I’m thinking about putting the virtualenv for a Django web app I am making inside my git repository for the app. It seems like an easy way to keep deploy’s simple and easy. Is there any reason why I shouldn’t do this?
I’m totally new to virtualenv, so there is a good chance this is a really stupid question.
pip freeze to get the packages I need into a
requirements.txt file and add that to my repository. I tried to think of a way of why you would want to store the entire virtualenv, but I could not.
I used to do the same until I started using libraries that are compiled differently depending on the environment such as PyCrypto. My PyCrypto mac wouldn’t work on Cygwin wouldn’t work on Ubuntu.
It becomes an utter nightmare to manage the repository.
Either way I found it easier to manage the pip freeze & a requirements file than having it all in git. It’s cleaner too since you get to avoid the commit spam for thousands of files as those libraries get updated…
Storing the virtualenv directory inside git will, as you noted, allow you to deploy the whole app by just doing a git clone (plus installing and configuring Apache/mod_wsgi). One potentially significant issue with this approach is that on Linux the full path gets hard-coded in the venv’s activate, django-admin.py, easy_install, and pip scripts.
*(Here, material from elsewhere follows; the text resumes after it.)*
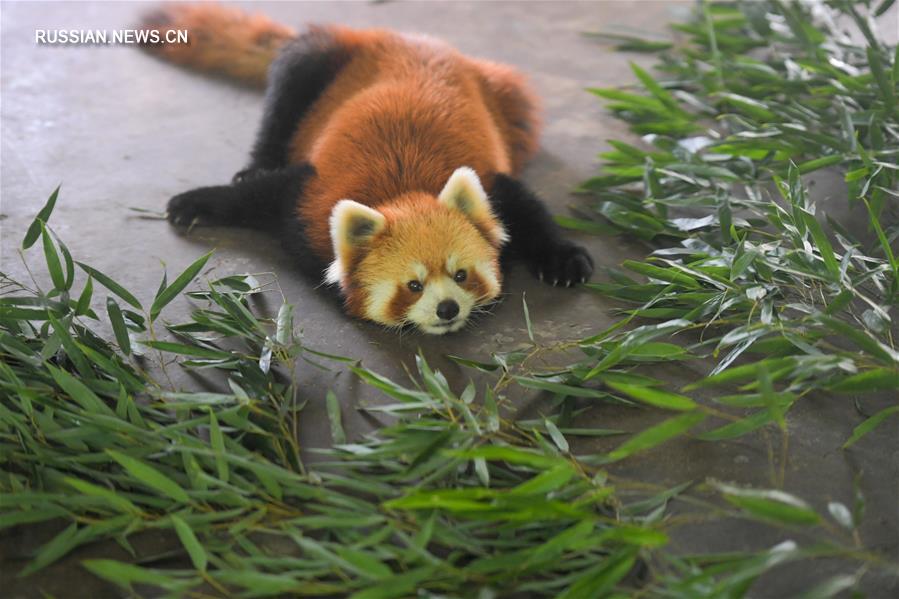 Животные в зоопарке Чанша спасаются от жары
This means your virtualenv won’t entirely work if you want to use a different path, perhaps to run multiple virtual hosts on the same server. I think the website may actually work with the paths wrong in those files, but you would have problems the next time you tried to run pip.
The solution, already given, is to store enough information in git so that during the deploy you can create the virtualenv and do the necessary pip installs. Typically people run
pip freeze to get the list then store it in a file named requirements.txt. It can be loaded with
pip install -r requirements.txt. RyanBrady already showed how you can string the deploy statements in a single line:
virtualenv --no-site-packages --distribute .env && source .env/bin/activate && pip install -r requirements.txt
Personally, I just put these in a shell script that I run after doing the git clone or git pull.
Storing the virtualenv directory also makes it a bit trickier to handle pip upgrades, as you’ll have to manually add/remove and commit the files resulting from the upgrade. With a requirements.txt file, you just change the appropriate lines in requirements.txt and re-run
pip install -r requirements.txt. As already noted, this also reduces “commit spam”.
I think one of the main problems which occur is that the virtualenv might not be usable by other people. Reason is that it always use absolute path’s. So if you virtualenv was for example in
/home/lyle/myenv/ it will assume the same for all other people using this repository (it must be exactly the same absolute path). You can’t presume people using the same directory structure as you.
Better practice is that everybody is setting up their own environment (be it with or without virtualenv) and installing libraries there. That also makes you code more usable over different platforms (Linux/Windows/Mac), also because virtualenv is installed different in each of them.
If you know which operating systems your application will be running on, I would create one virtualenv for each system and include it in my repository. Then I would make my application detect which system it is running on and use the corresponding virtualenv.
The system could e.g. be identified using the platform module.
In fact, this is what I do with an in-house application I have written, and to which I can quickly add a new system’s virtualenv in case it is needed. This way, I do not have to rely on that pip will be able to successfully download the software my application requires. I will also not have to worry about compilation of e.g. psycopg2 which I use.
If you do not know which operating system your application may run on, you are probably better off using
pip freeze as suggested in other answers here.
If you just setting up development env, then use pip freeze file, caz that makes the git repo clean.
Then if doing production deployment, then checkin the whole venv folder. That will make your deployment more reproducible, not need those libxxx-dev packages, and avoid the internet issues.
So there are two repos. One for your main source code, which includes a requirements.txt. And a env repo, which contains the whole venv folder.